「杜子春」のように
「泰山の南の麓の一軒の家」に住まうが如く・・・
その声に気がついて見ると、杜子春はやはり夕日を浴びて、
洛陽の西の門の下に、ぼんやり佇んでゐるのでした。霞んだ空、白い三日月、絶え間ない人や車の波、――
すべてがまだ峨眉山へ、行かない前と同じことです。
「どうだな。おれの弟子になつた所が、とても仙人にはなれはすまい。」
片目眇(すがめ)の老人は微笑を含みながら言ひました。
「なれません。なれませんが、しかし私はなれなかつたことも、反(かへ)つて嬉しい気がするのです。」
杜子春はまだ眼に涙を浮べた儘、思はず老人の手を握りました。
「いくら仙人になれた所が、私はあの地獄の森羅殿の前に、鞭を受けてゐる父母を見ては、黙つてゐる訳には行きません。」
「もしお前が黙つてゐたら――」と鉄冠子は急に厳(おごそか)な顔になつて、ぢつと杜子春を見つめました。

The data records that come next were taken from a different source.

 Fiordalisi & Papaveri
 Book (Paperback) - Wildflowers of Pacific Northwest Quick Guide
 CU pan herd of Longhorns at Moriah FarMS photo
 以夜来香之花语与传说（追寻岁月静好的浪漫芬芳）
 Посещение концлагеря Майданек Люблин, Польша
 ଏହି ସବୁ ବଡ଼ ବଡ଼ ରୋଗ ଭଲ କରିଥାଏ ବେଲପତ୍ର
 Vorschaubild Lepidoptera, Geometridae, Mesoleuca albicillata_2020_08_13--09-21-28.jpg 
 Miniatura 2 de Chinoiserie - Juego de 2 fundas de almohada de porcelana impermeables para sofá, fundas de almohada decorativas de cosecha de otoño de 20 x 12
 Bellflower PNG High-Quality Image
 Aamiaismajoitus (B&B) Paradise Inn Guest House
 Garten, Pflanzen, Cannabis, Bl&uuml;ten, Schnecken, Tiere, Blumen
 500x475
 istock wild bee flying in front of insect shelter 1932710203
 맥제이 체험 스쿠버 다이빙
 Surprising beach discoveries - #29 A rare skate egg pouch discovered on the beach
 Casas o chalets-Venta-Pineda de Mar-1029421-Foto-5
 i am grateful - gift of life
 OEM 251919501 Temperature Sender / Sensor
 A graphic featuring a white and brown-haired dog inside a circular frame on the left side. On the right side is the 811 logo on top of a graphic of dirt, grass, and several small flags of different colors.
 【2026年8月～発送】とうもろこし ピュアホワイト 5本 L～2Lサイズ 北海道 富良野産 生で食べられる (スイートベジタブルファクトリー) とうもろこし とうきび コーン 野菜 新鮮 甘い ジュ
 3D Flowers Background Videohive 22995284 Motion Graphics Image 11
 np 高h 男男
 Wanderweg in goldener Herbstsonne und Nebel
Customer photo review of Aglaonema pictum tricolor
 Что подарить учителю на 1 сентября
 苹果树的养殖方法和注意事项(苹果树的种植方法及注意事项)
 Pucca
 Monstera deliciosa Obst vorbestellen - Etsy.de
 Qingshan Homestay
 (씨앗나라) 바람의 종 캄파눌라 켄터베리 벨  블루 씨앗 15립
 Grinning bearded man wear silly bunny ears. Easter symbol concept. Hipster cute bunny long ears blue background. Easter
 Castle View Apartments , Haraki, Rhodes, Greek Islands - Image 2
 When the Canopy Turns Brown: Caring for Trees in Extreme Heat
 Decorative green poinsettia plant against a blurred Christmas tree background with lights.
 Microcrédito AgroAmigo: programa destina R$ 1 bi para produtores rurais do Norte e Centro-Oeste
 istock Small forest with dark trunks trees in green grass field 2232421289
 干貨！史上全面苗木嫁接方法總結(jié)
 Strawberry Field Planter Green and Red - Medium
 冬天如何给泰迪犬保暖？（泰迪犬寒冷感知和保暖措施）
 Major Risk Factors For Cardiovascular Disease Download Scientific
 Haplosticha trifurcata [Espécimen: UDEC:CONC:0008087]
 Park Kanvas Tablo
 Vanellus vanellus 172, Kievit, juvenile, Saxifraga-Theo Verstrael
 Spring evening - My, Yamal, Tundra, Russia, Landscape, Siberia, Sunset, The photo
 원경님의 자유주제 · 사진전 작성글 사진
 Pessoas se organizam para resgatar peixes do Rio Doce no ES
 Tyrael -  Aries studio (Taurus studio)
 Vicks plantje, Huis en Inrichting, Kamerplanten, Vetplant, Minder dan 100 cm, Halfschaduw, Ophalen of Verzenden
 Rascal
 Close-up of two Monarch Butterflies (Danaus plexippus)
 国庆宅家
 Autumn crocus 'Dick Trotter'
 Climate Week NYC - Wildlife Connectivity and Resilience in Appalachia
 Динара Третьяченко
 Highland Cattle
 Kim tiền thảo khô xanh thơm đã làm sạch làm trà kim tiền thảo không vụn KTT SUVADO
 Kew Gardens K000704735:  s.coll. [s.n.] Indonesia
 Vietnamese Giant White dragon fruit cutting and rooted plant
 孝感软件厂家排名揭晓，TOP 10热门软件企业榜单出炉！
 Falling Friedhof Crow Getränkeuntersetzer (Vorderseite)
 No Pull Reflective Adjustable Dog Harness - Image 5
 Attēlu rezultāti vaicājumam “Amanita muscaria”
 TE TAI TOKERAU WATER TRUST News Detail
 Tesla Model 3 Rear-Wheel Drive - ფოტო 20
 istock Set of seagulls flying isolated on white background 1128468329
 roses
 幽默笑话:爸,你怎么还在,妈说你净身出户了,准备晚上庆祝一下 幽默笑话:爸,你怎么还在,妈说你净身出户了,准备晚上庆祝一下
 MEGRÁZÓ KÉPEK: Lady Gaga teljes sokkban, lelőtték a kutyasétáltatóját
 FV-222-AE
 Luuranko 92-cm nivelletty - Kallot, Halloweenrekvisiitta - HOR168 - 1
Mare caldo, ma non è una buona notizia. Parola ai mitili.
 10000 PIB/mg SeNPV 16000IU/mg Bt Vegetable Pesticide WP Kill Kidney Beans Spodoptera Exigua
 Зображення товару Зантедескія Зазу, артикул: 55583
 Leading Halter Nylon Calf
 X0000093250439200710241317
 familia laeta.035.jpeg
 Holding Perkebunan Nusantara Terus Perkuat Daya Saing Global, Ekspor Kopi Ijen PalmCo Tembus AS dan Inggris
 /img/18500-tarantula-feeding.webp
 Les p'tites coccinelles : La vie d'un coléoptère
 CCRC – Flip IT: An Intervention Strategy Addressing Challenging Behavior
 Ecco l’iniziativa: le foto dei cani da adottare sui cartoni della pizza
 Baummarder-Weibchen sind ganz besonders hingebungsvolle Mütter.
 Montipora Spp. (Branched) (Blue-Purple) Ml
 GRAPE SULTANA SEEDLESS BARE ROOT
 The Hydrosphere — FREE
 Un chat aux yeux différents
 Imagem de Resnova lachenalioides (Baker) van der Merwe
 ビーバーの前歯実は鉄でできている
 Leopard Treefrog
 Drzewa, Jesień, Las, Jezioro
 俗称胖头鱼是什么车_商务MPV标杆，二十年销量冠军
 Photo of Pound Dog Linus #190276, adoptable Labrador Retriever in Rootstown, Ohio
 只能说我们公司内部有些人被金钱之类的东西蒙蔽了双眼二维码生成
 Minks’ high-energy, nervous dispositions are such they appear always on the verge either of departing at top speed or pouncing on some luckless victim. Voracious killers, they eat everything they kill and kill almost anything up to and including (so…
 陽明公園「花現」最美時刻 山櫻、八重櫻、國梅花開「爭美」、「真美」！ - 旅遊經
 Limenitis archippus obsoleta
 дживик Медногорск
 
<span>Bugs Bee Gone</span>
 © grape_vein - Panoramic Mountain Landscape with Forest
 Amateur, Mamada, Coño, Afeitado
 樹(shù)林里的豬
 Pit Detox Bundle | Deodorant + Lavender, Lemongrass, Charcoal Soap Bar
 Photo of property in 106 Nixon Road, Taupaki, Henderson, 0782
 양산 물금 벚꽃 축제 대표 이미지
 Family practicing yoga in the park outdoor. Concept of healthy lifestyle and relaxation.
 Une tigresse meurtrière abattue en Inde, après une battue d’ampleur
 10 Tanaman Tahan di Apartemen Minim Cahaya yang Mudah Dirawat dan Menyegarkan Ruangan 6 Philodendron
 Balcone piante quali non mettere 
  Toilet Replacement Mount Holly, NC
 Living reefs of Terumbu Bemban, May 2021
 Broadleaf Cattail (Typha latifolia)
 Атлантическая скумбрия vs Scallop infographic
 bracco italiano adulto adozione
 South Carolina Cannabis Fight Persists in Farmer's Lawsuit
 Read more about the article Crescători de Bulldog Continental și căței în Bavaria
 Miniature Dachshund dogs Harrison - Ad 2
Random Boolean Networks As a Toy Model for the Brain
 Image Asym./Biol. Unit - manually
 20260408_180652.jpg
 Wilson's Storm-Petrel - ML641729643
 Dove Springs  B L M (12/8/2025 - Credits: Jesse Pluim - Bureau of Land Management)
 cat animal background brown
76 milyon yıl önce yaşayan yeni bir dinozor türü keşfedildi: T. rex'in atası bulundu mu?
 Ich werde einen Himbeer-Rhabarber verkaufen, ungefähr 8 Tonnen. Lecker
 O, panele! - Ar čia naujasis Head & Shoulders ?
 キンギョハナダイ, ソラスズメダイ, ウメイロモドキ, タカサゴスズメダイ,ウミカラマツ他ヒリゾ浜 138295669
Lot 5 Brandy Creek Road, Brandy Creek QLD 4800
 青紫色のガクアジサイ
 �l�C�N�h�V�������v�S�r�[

「もしお前が黙つてゐたら、おれは即座にお前の命を絶つてしまうと思つてゐたのだ。――
お前はもう仙人になりたいといふ望も持つてゐまい。
大金持になることは、元より愛想がつきた筈だ。ではお前はこれから後、何になつたら好いと思ふな。」
「何になつても、人間らしい、正直な暮しをするつもりです。」
杜子春の声には今までにない晴れ晴れした調子が罩(こも)つてゐました。
「その言葉を忘れるなよ。ではおれは今日限り、二度とお前には遇はないから。」
鉄冠子はかう言ふ内に、もう歩き出してゐましたが、急に又足を止めて、杜子春の方を振り返ると、
「おお、幸(さいはひ)、今思ひ出したが、おれは泰山の南の麓(ふもと)に一軒の家を持つてゐる。
その家を畑ごとお前にやるから、早速行つて住まふが好い。
今頃は丁度家のまはりに、桃の花が一面に咲いてゐるだらう。」と、さも愉快さうにつけ加へました。